Amnon Bar-Shir1, 2, Guanshu Liu1, 3, Nirbhay N. Yadav1, 3, Yoshinori Kato1, Galit Pelled1, 3, Piotr Walczak1, 2, Michael T. McMahon1, 3, Martin G. Pomper1, Marc M. Greenberg4, Peter C. van Zijl1, 3, Jeff W. Bulte1, 2, Assaf A. Gilad1, 2
1Department of Radiology, Johns Hopkins University, Baltimore, MD, United States; 2Cellular Imaging Section, Johns Hopkins University, Baltimore, MD, United States; 3F.M. Kirby Research Center for Functional Brain Imaging, Kennedy Krieger Institute, Baltimore, MD, United States; 4Department of Chemistry, Johns Hopkins University, Baltimore, MD, United States
By modifying a substrate for herpes simplex virus type-1 thymidine kinase (HSV1-tk), an existing PET reporter gene, we successfully transformed it into a CEST-MRI reporter gene.
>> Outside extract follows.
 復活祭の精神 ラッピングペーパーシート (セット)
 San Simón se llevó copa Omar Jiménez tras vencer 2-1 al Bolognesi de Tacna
Thymidine analogues were synthesized with higher pKa values for imino protons, thus reducing their exchange rate to an optimum range for CEST detection. The substrate 5-methyl-5,6-dihydrothymidine provided the highest contrast after saturation at 5 ppm from the water protons. It is efficiently phosphorylated by HSV1-tk but not mammalian thymidine kinase, making it a specific reporter. Transplanted cells expressing HSV1-tk were easily detected in vivo following i.v. administration of 5-methyl-5,6-dihydrothymidine.